◆ **Exercise prompt**: Exactly the lines from the one holding "Warehouse Checker Resume" through the end of the material below must be printed, nothing more, and the pictures must be dropped.

◆ **Information provided**:
★ ★ ★

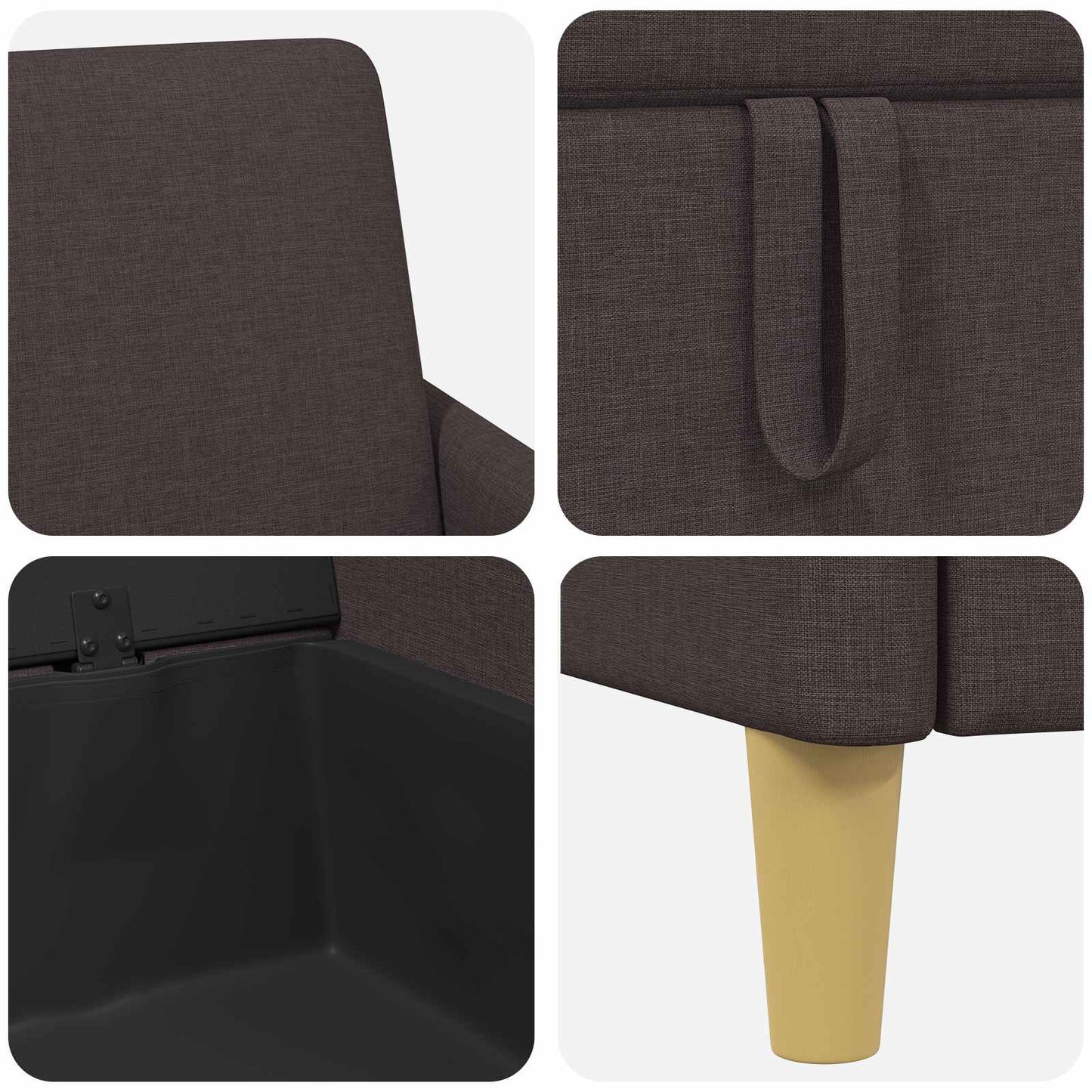 Divano con Storage Marrone Scuro 72 x 78 x 87 cm Poliestere | homemem39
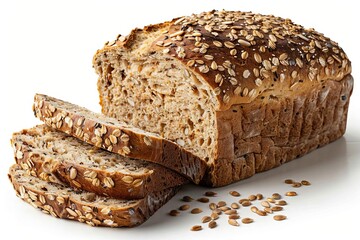 Freshly baked multigrain bread loaf with slices and seeds on white background, healthy homemade bakery product for breakfast or snack, white background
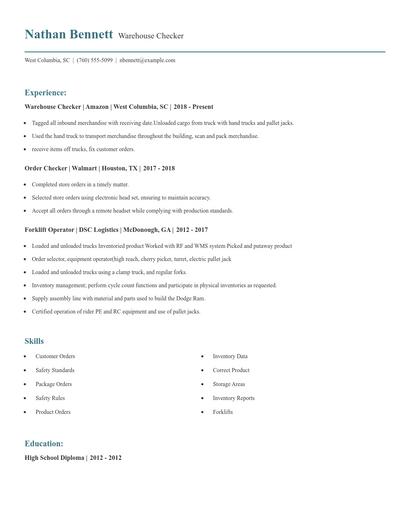 Warehouse Checker Resume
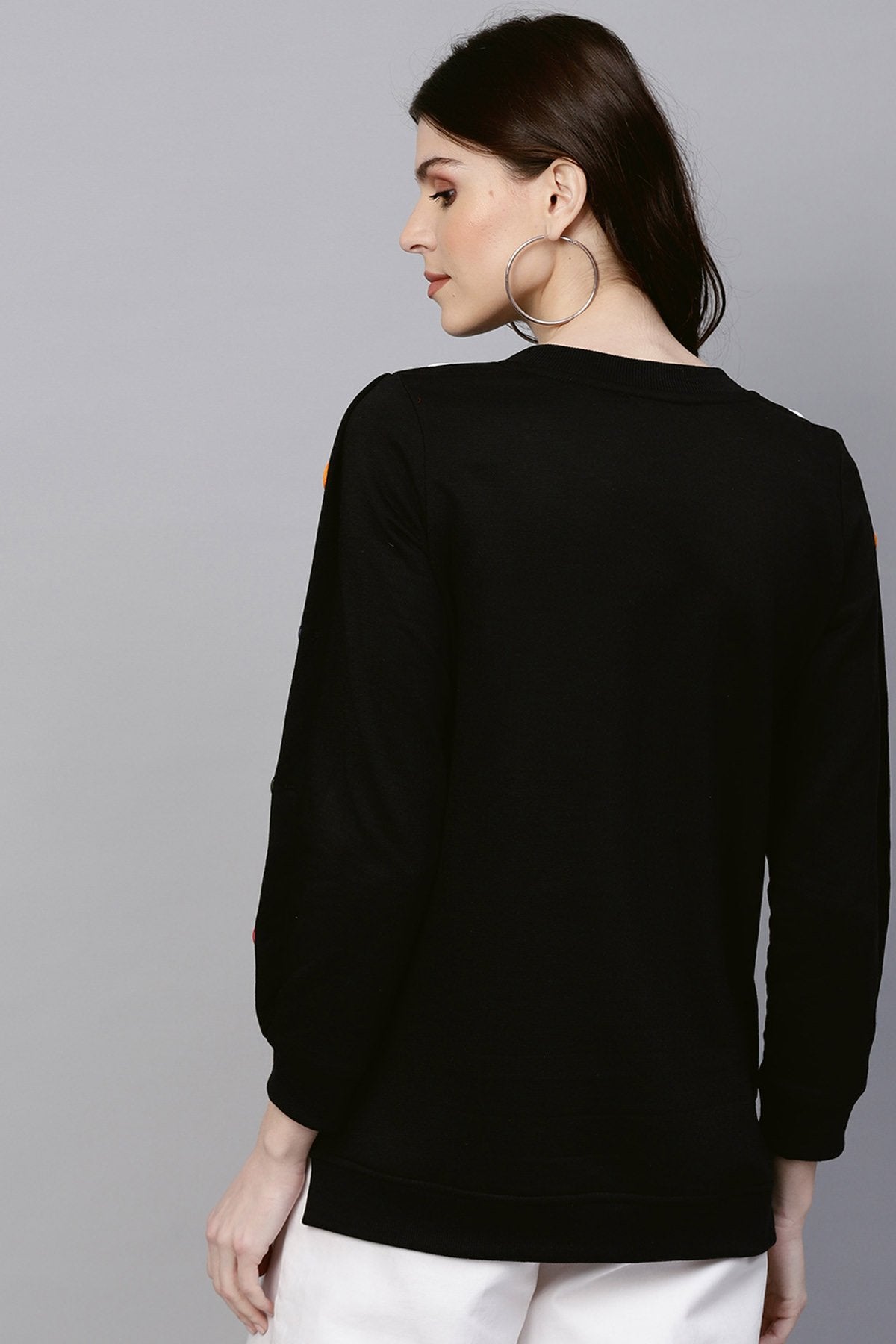 Women's Black Sweatshirt With Colored Buttons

★ ★ ★

◆ **Answer box**:
 Warehouse Checker Resume
 Women's Black Sweatshirt With Colored Buttons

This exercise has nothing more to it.